Le juge tient compte de l’équité ou de la situation économique de la partie condamnée. Il peut, même d’office, pour des raisons tirées des mêmes considérations, dire qu’il n’y a pas lieu à cette condamnation.
Compte tenu des circonstances de l’espèce, Madame [O] [M] [N] sera condamnée à verser à Monsieur [A] [Z] et Madame [U] [V] [I] épouse [Z] la somme de 700 euros au titre de l’article 700 du code de procédure civile.

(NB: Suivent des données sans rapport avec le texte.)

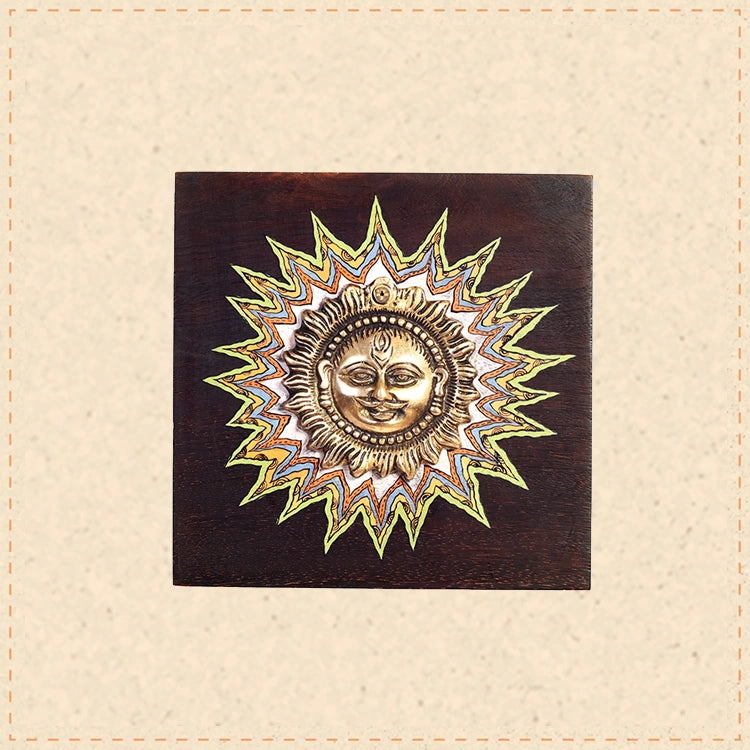 Surya Wall Accent with beautiful Brass Sculpture of Surya Dev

Sur l’exécution provisoire
Conformément à l’article 514 du code de procédure civile, il convient de rappeler que l’exécution provisoire est de droit.
PAR CES MOTIFS
Le juge des contentieux de la protection, statuant publiquement, par mise à disposition au greffe, par jugement contradictoire et en premier ressort,
DEBOUTE Madame [O] [M] [N] de sa demande portant sur l’existence d’un bail verbal entre elle et Monsieur [A] [Z] et Madame [U] [V] [I] épouse [Z], portant sur concernant la maison d’habitation située [Adresse 6],
DEBOUTE Madame [O] [M] [N] de sa demande de dommages et intérêts pour préjudices de jouissance subis concernant la maison d’habitation située [Adresse 6] louée suivant contrat de bail signé le 13 juillet 2019 et consenti par Monsieur [A] [Z] et Madame [U] [V] [I] épouse [Z],
DEBOUTE Madame [O] [M] [N] de sa demande de réduction de la provision de loyers d’un montant de 5734 euros, terme du mois d’octobre 2021 inclus, au titre des loyers, charges et indemnités d’occupation impayés à laquelle elle a été condamnée aux termes de l’ordonnance de référé du 23 décembre 2021, constatant l’acquisition de la clause résolutoire figurant audit bail à compter du 7 mars 2021 ;
DIT par suite n’y avoir lieu à réduire à néant ladite ordonnance de référé du 23 décembre 2021,
DIT n’y avoir lieu à compensation,
CONDAMNE Madame [O] [M] [N] à payer à Monsieur [A] [Z] et Madame [U] [V] [I] épouse [Z] la somme de 700,00 euros sur le fondement de l’article 700 du code de procédure civile ;
REJETTE toute autre demande ;
CONDAMNE Madame [O] [M] [N] aux entiers dépens de la présente instance, lesquels seront recouvrés comme en matière d’aide juridictionnelle totale;
RAPPELLE que l’exécution provisoire est de droit ;
Ainsi jugé et prononcé par mise à disposition du jugement au greffe du tribunal judiciaire, le 30 avril 2025, les parties en ayant été préalablement avisées dans les conditions prévues au deuxième alinéa de l’article 450 du code de procédure civile, la minute étant signée par S. GIUSTRANTI, magistrat et par A.HOUDIN, greffière.